Cambodia’s biggest employer is its garment industry. Garment manufacturing has been critical to the country’s economic growth over the past several years, and has helped lift workers out of poverty. But those workers now find themselves caught between their own government and the European Union.
In an open plea, a trade union representing 400,000 Cambodian workers in manufacturing industries, including the garment industry, asked the EU not to revoke the tariff-free access Cambodia currently enjoys to European markets. “We, the signatories of this statement, are among the more than 700,000 men and women who work for the country’s largest employment sector,” the letter from the National Union Alliance Chamber of Cambodia (NACC) states. “We are most concerned about the prospect of losing our hard-earned livelihood.”
Cambodia is one of 49 countries covered under the EU’s “Everything but Arms” (EBA) trade agreement. The agreement allows the world’s poorest nations to export their products, except arms and ammunition, to European markets without incurring duties. The deal helped to fuel an export boom that has powered Cambodia’s economy. The country’s top export destination is the EU, and clothing its main export. If the EU were to revoke Cambodia’s preferential status, it could make Cambodia less competitive, hurting the garment industry and workers who rely on it.

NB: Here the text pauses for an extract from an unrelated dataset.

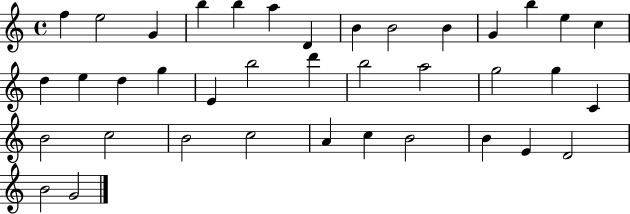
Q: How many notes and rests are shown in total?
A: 38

Under the conditions of EBA, countries can lose their duty-free access if they don’t comply with core human and labor rights laid out by the UN and International Labour Organization. For more than a year, such conditions have been getting worse in Cambodia. The EU has pointed to the harassment of trade unions, and political repression under Cambodian prime minister Hun Sen and his party, CPP. Ahead of the country’s July 2018 election, police arrested the leader of the main opposition party and the country’s supreme court disbanded the party. CPP went on to take every seat in parliament.
The EU began the procedure to suspend Cambodia’s preferential trade status in February, by establishing a monitoring period and putting pressure on Cambodia to reform. A month earlier, US senators Ted Cruz (R-Texas) and Chris Coons (D-Del.) introduced a bill that, if passed, would require the US to review its own preferential trade status for Cambodia.

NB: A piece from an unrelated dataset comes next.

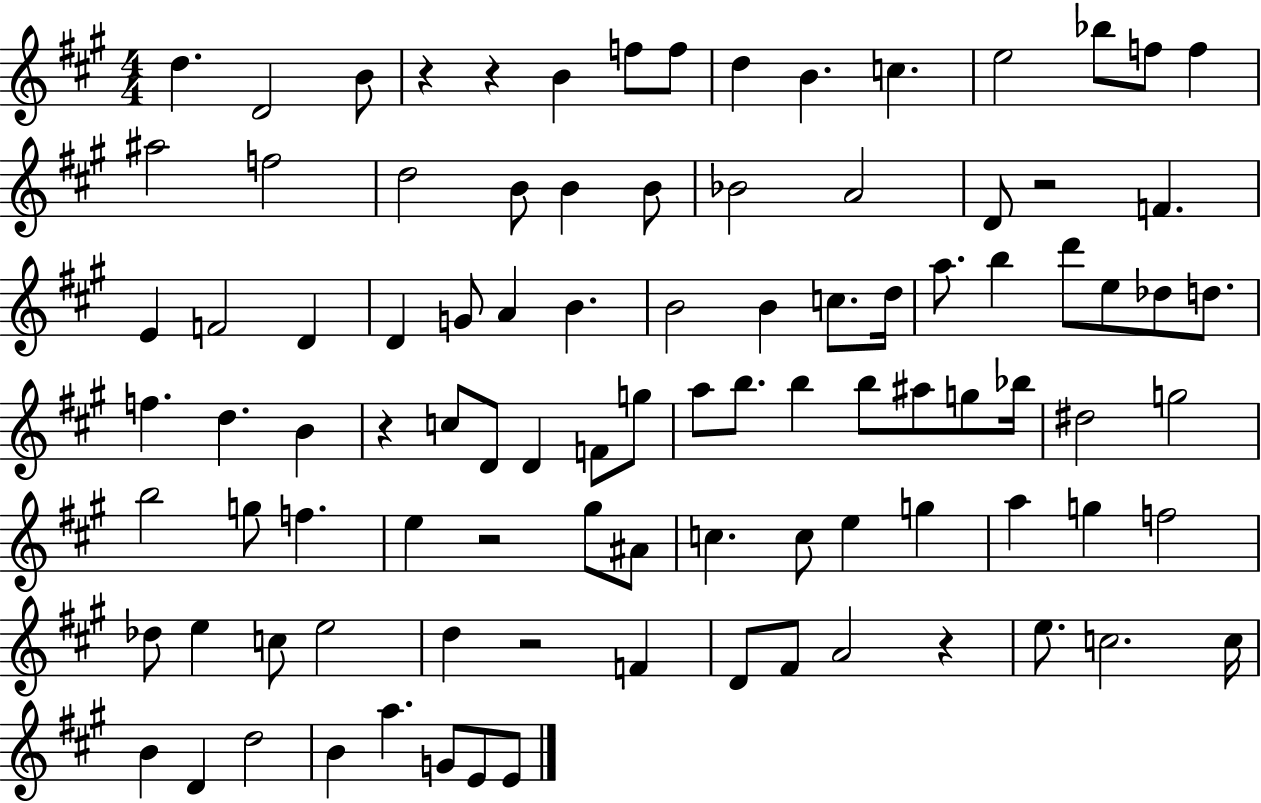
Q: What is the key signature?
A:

Garment workers are fearful that if the EU and US revoke Cambodia’s EBA trade access, they will be the ones who suffer (paywall). The NACC believes brands will look for cheaper places to make their clothes if Cambodia loses its trade access, and says about 43% of garment workers and 20% of footwear workers would be at risk of losing their jobs. Already, several international brands have asked Cambodia’s government to ease up, though the NACC accuses some of also threatening to move their manufacturing elsewhere.
A report (pdf) prepared for the European Parliament offered a less dire conclusion than the NACC, albeit still not a great one. “The most relevant precedent is Sri Lanka, which is also highly dependent on textile exports to the EU,” it stated. “During the seven years in which the country was suspended from [duty-free access] (2010-2017), around 10,000 workers (4% of the sector’s workforce) lost their jobs.” Textile exports did keep growing, but much more slowly than for competitors who retained their trade access. “Judging by this precedent, forecasts of over half of Cambodian textile workers losing their jobs are probably over-pessimistic, but on the other hand, the country is almost certain to miss out on growth potential,” it said.